It is hard to believe that I have been here for nearly two weeks already. We all seem to be settling into our jobs and the pace of life at Scott Base. We have become familiar with the layout of the place and no longer turn in the wrong direction when moving from one building to another. It’s hard to describe what the base is like. From afar, it stands proud with its infamous ‘Chelsea green’ paint job perched on a peninsula. Inside it’s a little retro in places but functional. Long corridors link each of the buildings, making it feel like one big building. As we all live, breath, eat and work in this place there are spaces set aside for work but there are also spaces for recreation. We have a gym, bouldering wall, movie theatre, library, arts and crafts space and a sitting/ reading room just off the dining hall. The accommodation is shared bedrooms, which might come as a surprise to some people.

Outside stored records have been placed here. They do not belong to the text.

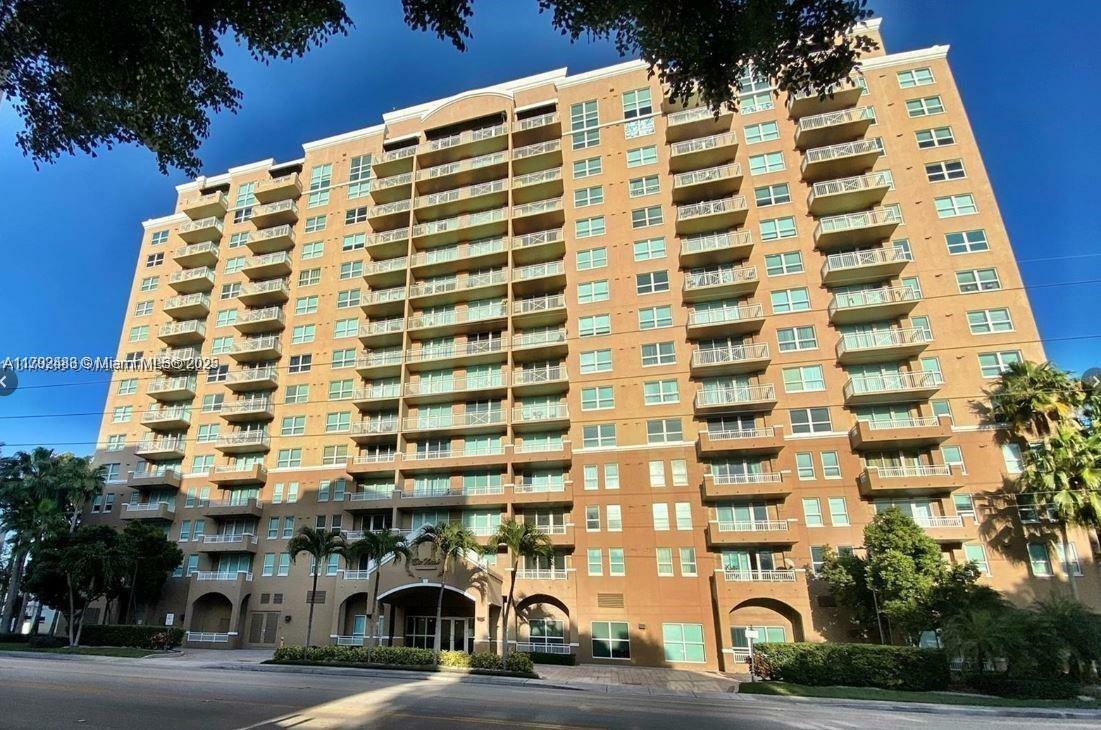 Property Photo: 2665 SW 37th Ave 101 FL 33133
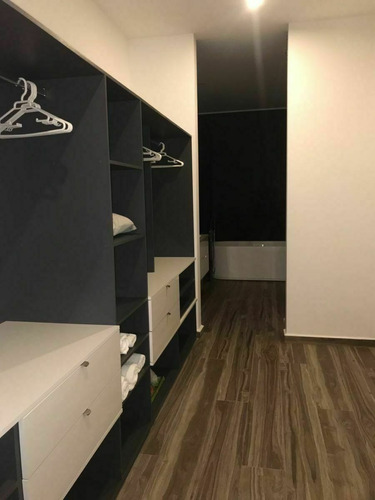 Casa De Ensueño En Venta En Villas Del Mesón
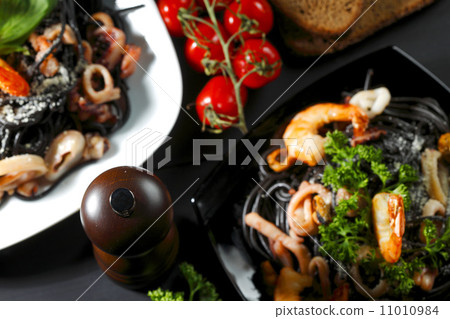 Black spaghetti with seafood 11010984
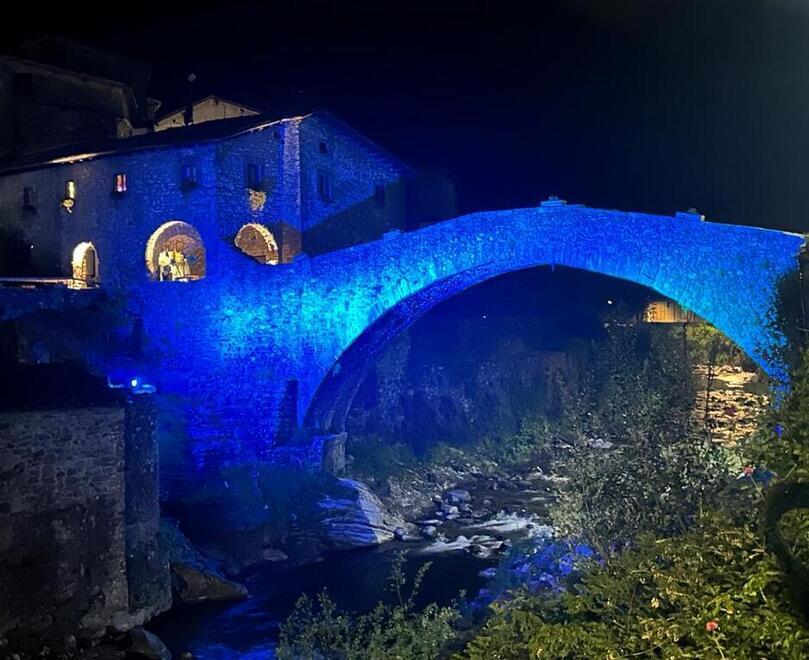 Vergemoli, fiocco azzurro per Mattia: è il primo nato in paese da dieci anni. E il ponte si illumina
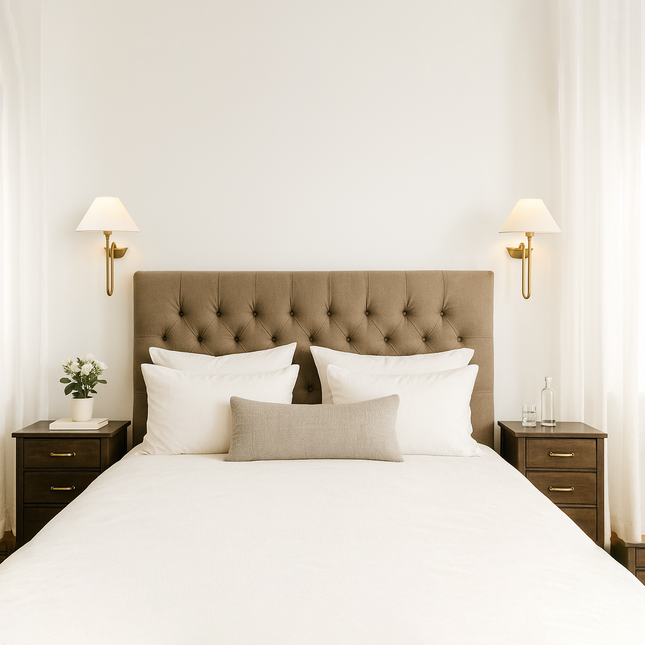 One Wall Lamp in Gold: A Touch of Luxury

The rooms are compact, maybe 2 by 3 meters, but comfortable. Typically, each room accommodates two people. They have bunk beds, a series of draws, a few shelves and a wardrobe. It’s tight but it all fits.

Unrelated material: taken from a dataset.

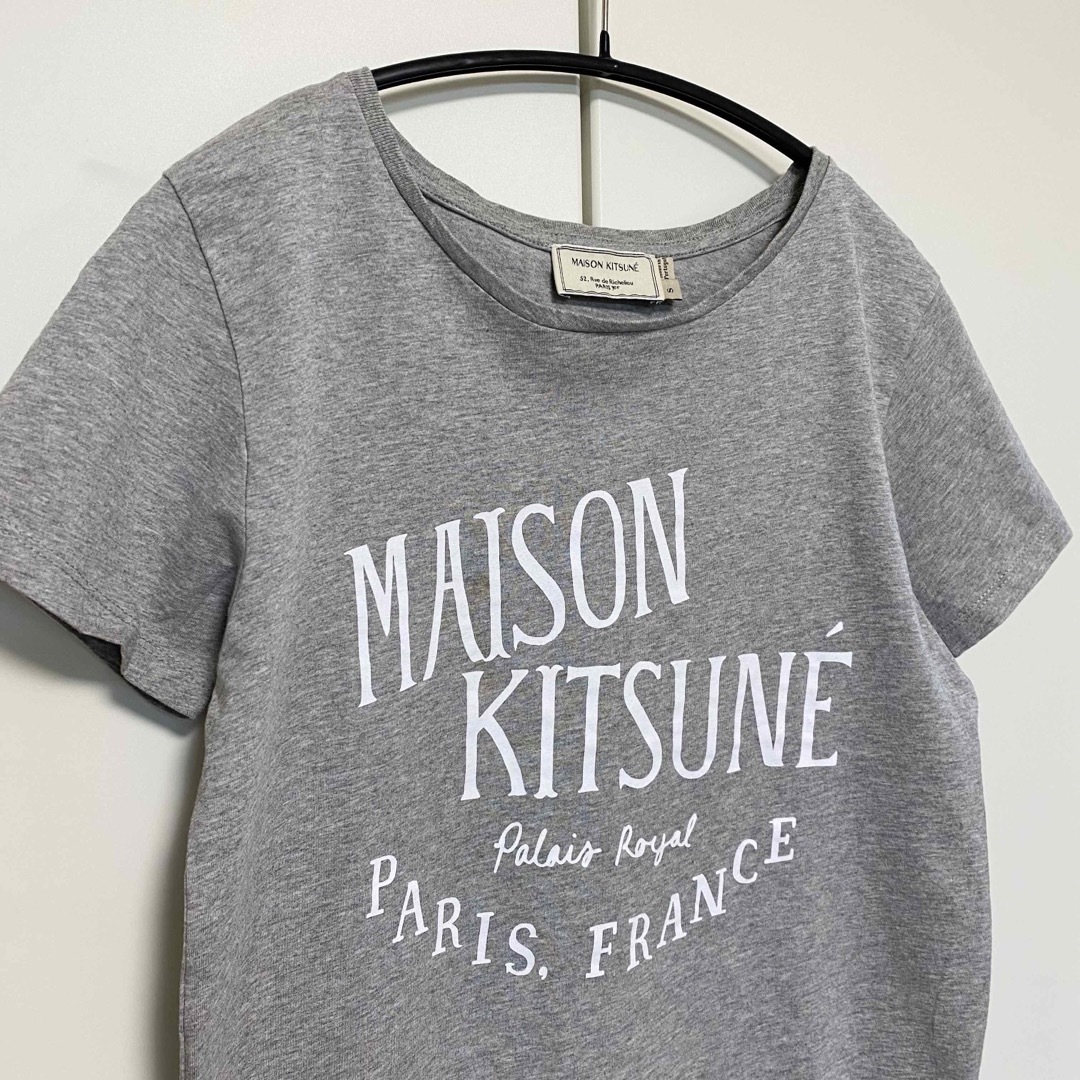 MAISON KITSUNE'(メゾンキツネ)のMAISON KITSUNE  ロゴTシャツ レディースのトップス(Tシャツ(半袖/袖なし))の商品写真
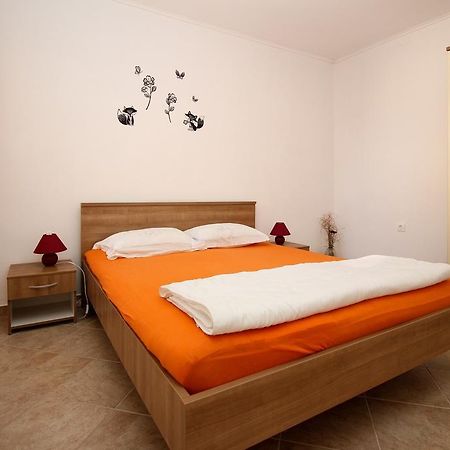 Apartment Dražen Šilo Exteriér fotografie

Above: Scott Base with its view of the ocean. Below: View of Scott Base out of the window
Life here has its similarities to home but it also has some stark differences. For one, it takes about fifteen minutes to gear up and go outside for an extended period of time. The extreme weather boots take a couple of minutes to put on alone. But the gear is needed when it’s -30 degrees Celsius outside. Another notable difference is the static electricity. It is really dry down here which, unfortunately, means lots of static electricity. I probably can’t count on my fingers the number of times a day I am zapped. In order to try reduce the big zaps you end up touching the metal strips on the walls every now and then. It can be a little torturous sometimes when you feel like it’s going to be a big one. The vacuum cleaner has to be one of the worse things for giving you large shocks. However, the most important time to remember to discharge yourself is before touching electronics else you might fry them. With the dryness also comes the need to drink lots of water. Juice, tea, plain water it doesn’t matter just keep drinking at every moment you get. On the topic of water, water conservation is also something that you have to think about. All water on Scott Base comes from sea water. The sea water goes through a reverse osmosis treatment plant, which is a really cool process but energetically expensive and there are limitations to how much the plant can produce. Perhaps one of the more pleasant differences about base life is the food. We have two amazing chiefs that produce really delicious food, which is fantastic, you never have to cook for yourself but some serious self-control is needed if you are not aiming to gain weight. Personally, I haven’t found it too challenging to adjust to these differences. For me, the biggest adjustment has been the amount of effort you have to put in to going outdoors but this will get less as the summer moves on and the days warm.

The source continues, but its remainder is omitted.